AI Evals: The hidden framework that will define Responsible Journalism

14 Nov 2025|Emerging Tech

AI is coming for the newsroom. But who’s checking its work?

Abstract illustration of a coral-coloured hand reaching towards fragmented grey shapes on a grid background with green circles.

A breaking story hits the wires. Your newsroom’s AI offers out a polished draft in seconds. The headline is slick, the quotes convincing, and the copy reads like a pro. Then the phone rings.

The “exclusive” fact in the first paragraph? Wrong.

The convincing quote? Misattributed.

The story? Legally shaky.

In a world where trust is the most valuable currency in the media, a single slip like this isn’t just embarrassing - it’s existential. And whilst building out AI tools based on vibes is an okay starting point, it is extremely open to biases (especially within verification).

This is exactly why evals matter. Vibes don’t scale - but evals do.
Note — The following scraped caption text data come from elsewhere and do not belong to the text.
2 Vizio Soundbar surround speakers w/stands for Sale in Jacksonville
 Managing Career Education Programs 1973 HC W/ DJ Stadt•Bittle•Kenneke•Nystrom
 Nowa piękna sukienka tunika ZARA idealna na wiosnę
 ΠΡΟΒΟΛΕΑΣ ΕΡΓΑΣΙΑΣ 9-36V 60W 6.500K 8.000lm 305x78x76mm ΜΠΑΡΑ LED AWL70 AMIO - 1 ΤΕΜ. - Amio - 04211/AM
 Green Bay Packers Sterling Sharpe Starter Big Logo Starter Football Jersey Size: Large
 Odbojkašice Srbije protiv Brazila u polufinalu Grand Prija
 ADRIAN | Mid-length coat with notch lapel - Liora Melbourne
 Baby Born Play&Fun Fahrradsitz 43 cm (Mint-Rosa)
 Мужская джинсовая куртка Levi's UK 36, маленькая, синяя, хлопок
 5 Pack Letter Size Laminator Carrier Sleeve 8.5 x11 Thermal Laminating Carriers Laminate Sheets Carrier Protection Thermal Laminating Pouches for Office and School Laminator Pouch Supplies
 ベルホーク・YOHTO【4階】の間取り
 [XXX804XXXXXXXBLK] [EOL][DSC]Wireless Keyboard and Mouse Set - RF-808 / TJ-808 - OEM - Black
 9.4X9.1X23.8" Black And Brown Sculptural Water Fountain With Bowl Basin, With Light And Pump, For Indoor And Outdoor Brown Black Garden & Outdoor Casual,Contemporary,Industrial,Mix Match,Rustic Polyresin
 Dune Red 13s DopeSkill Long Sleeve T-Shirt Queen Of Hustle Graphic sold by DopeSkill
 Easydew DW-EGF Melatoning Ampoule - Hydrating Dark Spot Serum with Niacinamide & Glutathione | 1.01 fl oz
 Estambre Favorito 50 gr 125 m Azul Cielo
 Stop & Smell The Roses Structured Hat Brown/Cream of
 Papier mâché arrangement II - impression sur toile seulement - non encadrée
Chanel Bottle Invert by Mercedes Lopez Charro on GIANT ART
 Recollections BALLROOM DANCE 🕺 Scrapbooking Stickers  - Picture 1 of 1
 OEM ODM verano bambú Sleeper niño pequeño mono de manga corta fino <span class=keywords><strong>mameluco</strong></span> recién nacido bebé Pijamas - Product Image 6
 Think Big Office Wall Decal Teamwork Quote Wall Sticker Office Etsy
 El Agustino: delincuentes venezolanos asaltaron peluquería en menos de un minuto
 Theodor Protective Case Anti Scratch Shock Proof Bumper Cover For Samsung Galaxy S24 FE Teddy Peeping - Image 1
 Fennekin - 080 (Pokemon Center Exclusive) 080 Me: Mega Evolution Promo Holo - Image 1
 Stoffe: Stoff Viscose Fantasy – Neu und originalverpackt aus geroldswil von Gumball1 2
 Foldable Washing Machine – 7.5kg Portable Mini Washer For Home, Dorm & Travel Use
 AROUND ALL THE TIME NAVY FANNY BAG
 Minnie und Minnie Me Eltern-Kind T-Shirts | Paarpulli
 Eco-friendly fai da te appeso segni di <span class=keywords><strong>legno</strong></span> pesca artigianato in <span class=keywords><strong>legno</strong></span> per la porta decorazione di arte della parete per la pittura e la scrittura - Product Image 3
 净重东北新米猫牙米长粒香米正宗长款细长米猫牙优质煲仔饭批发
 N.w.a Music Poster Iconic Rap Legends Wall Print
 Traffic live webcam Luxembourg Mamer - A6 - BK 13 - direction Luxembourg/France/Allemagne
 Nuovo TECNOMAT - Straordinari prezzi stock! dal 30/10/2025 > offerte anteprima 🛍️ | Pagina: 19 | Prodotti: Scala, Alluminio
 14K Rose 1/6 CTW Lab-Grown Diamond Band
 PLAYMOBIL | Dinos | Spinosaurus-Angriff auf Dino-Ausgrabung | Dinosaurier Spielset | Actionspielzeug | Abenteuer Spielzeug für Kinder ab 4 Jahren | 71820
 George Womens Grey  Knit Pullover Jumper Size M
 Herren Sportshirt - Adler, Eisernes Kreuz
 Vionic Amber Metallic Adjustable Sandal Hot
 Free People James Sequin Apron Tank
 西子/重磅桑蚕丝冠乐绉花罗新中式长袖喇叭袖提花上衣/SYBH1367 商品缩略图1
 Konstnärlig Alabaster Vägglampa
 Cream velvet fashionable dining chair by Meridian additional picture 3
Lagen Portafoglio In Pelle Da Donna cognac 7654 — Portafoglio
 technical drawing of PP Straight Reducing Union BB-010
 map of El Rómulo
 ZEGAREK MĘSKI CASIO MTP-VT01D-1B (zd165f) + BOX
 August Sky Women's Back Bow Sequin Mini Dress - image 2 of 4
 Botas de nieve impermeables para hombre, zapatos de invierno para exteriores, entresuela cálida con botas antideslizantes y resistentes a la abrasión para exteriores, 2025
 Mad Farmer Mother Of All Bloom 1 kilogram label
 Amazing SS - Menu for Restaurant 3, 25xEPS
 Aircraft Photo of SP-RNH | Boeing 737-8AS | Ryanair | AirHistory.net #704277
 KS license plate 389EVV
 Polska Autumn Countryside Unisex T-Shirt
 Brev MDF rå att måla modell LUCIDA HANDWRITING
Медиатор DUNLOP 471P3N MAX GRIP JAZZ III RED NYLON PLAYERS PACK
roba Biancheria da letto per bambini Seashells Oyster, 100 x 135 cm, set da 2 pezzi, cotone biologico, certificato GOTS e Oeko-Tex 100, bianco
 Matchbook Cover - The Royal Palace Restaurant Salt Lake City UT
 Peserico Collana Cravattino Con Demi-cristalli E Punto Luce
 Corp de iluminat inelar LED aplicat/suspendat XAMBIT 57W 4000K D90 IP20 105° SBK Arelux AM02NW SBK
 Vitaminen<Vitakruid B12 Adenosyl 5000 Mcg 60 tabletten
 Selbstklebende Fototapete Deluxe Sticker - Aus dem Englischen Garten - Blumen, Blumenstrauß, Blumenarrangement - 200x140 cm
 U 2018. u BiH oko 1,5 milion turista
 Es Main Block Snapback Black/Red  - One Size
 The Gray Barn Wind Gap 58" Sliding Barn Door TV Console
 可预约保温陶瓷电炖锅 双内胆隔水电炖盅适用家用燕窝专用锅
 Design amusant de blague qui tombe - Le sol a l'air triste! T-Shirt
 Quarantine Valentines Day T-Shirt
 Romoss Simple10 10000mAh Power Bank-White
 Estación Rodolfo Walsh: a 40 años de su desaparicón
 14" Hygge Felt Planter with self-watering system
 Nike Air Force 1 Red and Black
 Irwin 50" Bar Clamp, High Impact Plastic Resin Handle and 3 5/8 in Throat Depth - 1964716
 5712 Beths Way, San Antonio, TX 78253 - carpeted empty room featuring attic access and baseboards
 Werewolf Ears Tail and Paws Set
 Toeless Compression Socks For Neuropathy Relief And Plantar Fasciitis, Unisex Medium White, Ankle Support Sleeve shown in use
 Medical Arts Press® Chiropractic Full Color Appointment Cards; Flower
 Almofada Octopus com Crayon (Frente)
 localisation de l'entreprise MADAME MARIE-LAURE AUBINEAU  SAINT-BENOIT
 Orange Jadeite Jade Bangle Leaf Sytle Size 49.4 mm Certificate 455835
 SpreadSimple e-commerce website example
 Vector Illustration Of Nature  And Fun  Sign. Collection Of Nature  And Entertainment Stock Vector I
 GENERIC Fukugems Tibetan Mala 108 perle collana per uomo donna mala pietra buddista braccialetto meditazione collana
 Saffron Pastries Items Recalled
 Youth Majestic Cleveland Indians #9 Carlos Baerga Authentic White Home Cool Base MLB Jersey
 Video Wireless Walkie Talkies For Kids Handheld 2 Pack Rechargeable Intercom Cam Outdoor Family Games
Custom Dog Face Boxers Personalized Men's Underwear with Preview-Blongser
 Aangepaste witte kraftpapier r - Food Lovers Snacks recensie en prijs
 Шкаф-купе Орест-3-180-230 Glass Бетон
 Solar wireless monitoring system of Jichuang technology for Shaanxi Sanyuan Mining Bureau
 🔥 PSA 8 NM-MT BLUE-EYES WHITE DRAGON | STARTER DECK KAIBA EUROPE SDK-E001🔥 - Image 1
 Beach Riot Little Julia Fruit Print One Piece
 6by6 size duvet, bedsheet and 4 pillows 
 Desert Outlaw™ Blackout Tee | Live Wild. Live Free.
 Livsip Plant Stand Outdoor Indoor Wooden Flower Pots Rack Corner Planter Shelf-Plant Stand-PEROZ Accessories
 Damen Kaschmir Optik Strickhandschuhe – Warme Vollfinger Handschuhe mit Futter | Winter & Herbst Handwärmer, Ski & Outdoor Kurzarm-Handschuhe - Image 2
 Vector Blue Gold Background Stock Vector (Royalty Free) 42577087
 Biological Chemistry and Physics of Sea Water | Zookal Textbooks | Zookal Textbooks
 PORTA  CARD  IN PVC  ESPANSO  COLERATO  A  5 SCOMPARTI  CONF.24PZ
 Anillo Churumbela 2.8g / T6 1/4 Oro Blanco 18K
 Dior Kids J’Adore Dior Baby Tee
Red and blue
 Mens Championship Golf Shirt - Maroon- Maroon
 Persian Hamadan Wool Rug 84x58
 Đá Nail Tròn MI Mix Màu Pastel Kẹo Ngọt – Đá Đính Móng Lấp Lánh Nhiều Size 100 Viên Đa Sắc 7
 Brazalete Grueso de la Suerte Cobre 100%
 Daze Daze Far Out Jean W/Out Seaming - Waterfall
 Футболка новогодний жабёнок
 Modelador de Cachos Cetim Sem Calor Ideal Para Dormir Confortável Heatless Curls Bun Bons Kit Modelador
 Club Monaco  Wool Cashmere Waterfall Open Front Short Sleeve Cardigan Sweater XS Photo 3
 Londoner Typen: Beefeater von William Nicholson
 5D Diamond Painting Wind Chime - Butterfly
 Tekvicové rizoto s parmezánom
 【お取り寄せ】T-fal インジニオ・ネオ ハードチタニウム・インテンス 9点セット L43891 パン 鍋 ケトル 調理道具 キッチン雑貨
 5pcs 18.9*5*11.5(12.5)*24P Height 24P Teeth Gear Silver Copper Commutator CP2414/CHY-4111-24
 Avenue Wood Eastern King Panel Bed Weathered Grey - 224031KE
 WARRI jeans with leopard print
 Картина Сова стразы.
And this is why the Newsrooms are about to hear a whole lot more about evals in the journalism sector.

Why “Good Enough” isn’t good enough

Most AI testing today is built for consumer tech.

Did the output sound plausible?
Was it fast enough?
Did the user click the thumbs-up?

That’s fine if you’re recommending a playlist. But in journalism, plausibility isn’t the bar.

The truth is. Accountability is. Context is.

Without evaluation frameworks built specifically for journalism, you are leaving credibility up to chance.

Journalism needs its own rulebook

Here’s what responsible AI evaluation looks like in the media world:

Correctness vs. Truthiness: Not “does this sound okay?” but “who said it, when, and can it be verified?”
Speed vs. Accuracy: Breaking news tolerates provisional facts. Investigations cannot.
Audience Impact: Does this inform citizens, shift behaviour, or build trust?
Legal and Ethical Stakes: In journalism, errors don’t just annoy users. They invite lawsuits, break privacy, and erode credibility.

The five layers of Responsible AI

At Futurice, we’ve been developing multi-layer evals designed with journalism in mind:

The basics: Who/what/when/where/why in the lede. Proper attribution. No cut corners.
The flow: Logical narrative, credible sources, coherent context.
The checks: Real-time verification against databases, records, and competitor coverage.
The accessibility: Readability, jargon detection, audience inclusivity.
The judgment calls: At scale, AI systems approximate editorial fairness, harm minimisation, and public value.

And crucially, each layer is an interlocking safeguard.

Why leaders should care (now)

This isn’t about teaching editors how to write eval prompts. It’s about board-level governance and building a system to deliver them. Evals are what allows you to catch missteps before your readers do.

The C-suite question is simple: If AI is helping produce journalism under our brand, how do we know it’s safe to publish?

Because here’s the hard truth: without evals, you’re not innovating. You’re gambling with trust, something credible journalism has never done before. So why start today?

The bottom line

AI will transform newsrooms. That much is inevitable. The real question is whether it transforms them responsibly.

Evals aren’t a technical afterthought. They’re the frontline defence for integrity. And the media companies that get this right will be the ones audiences still trust five years from now - while the rest scramble to rebuild their reputation.